-- Action item --
Once you find the line with "Hilph Paquete de" in the entries below, return exactly every line from it through the line with "Interliving Sofa Serie".
___ Data extract
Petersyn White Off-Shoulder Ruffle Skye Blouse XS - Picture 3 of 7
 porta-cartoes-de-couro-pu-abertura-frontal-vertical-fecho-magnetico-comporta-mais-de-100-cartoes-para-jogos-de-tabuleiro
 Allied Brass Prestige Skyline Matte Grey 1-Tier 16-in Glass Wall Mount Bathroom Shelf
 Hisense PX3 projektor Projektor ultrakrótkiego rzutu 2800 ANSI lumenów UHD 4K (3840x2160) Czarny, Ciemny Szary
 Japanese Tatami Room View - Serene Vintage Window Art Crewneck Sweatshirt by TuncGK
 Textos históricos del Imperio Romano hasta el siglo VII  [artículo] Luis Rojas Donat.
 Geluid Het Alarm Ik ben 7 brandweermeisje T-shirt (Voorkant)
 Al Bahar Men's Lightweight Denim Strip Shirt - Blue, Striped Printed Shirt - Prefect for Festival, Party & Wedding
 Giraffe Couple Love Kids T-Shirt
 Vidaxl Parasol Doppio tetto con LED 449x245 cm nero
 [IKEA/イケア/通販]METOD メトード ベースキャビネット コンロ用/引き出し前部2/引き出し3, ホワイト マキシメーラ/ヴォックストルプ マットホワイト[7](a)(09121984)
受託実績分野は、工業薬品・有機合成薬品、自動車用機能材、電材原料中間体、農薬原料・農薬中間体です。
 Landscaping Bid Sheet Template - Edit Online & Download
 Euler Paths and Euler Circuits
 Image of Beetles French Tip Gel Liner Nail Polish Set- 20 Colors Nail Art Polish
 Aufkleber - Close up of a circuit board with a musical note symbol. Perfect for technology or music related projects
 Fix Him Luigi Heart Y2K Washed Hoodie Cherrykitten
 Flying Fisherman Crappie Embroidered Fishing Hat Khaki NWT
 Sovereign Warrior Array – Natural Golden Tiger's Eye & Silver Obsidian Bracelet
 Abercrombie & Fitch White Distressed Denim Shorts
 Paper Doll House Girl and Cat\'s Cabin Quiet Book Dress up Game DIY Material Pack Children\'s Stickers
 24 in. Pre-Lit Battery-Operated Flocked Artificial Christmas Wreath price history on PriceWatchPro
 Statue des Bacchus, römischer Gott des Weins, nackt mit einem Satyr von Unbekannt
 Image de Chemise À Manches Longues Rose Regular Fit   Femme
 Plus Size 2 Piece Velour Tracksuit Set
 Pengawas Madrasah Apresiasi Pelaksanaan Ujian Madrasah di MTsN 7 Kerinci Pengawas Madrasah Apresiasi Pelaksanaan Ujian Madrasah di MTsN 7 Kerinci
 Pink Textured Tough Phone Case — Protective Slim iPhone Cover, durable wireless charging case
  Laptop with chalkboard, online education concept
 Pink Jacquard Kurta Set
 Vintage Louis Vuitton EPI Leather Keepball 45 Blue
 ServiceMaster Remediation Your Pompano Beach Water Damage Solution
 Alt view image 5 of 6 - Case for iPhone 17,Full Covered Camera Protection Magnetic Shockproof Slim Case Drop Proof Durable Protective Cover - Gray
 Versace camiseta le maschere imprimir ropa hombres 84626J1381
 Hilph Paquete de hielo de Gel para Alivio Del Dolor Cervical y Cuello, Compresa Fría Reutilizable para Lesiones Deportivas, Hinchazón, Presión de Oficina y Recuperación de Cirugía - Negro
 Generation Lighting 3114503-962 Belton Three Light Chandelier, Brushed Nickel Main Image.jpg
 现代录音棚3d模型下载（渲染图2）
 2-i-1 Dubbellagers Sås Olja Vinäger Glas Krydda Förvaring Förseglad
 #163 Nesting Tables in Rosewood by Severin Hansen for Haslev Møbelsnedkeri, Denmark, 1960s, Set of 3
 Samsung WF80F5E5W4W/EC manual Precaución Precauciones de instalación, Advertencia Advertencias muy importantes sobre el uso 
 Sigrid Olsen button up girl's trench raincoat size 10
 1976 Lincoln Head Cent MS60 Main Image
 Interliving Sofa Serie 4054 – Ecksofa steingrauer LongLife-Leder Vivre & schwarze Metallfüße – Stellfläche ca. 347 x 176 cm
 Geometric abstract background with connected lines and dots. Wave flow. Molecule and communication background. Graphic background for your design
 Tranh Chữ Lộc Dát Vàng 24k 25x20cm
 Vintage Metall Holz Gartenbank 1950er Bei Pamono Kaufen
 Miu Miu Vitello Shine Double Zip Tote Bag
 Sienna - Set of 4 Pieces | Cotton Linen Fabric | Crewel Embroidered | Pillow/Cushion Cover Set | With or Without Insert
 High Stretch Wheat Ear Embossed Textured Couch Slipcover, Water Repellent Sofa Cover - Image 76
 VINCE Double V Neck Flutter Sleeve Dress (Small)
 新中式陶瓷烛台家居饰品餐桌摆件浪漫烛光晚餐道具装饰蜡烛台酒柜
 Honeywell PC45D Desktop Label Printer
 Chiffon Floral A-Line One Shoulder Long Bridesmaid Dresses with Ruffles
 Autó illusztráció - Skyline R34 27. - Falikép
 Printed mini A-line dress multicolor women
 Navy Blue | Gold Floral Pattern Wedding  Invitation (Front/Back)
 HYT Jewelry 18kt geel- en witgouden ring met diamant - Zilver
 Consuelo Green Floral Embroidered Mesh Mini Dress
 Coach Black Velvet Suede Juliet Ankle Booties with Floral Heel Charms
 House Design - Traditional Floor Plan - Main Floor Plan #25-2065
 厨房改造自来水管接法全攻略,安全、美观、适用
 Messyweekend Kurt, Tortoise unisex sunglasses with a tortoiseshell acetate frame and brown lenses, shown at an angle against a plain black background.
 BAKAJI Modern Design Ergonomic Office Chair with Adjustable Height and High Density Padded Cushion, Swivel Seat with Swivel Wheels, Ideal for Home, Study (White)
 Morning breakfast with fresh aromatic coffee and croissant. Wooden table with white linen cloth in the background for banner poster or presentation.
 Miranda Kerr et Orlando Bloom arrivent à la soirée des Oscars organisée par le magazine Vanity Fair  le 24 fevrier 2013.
______
-- Answer space --
 Hilph Paquete de hielo de Gel para Alivio Del Dolor Cervical y Cuello, Compresa Fría Reutilizable para Lesiones Deportivas, Hinchazón, Presión de Oficina y Recuperación de Cirugía - Negro
 Generation Lighting 3114503-962 Belton Three Light Chandelier, Brushed Nickel Main Image.jpg
 现代录音棚3d模型下载（渲染图2）
 2-i-1 Dubbellagers Sås Olja Vinäger Glas Krydda Förvaring Förseglad
 #163 Nesting Tables in Rosewood by Severin Hansen for Haslev Møbelsnedkeri, Denmark, 1960s, Set of 3
 Samsung WF80F5E5W4W/EC manual Precaución Precauciones de instalación, Advertencia Advertencias muy importantes sobre el uso 
 Sigrid Olsen button up girl's trench raincoat size 10
 1976 Lincoln Head Cent MS60 Main Image
 Interliving Sofa Serie 4054 – Ecksofa steingrauer LongLife-Leder Vivre & schwarze Metallfüße – Stellfläche ca. 347 x 176 cm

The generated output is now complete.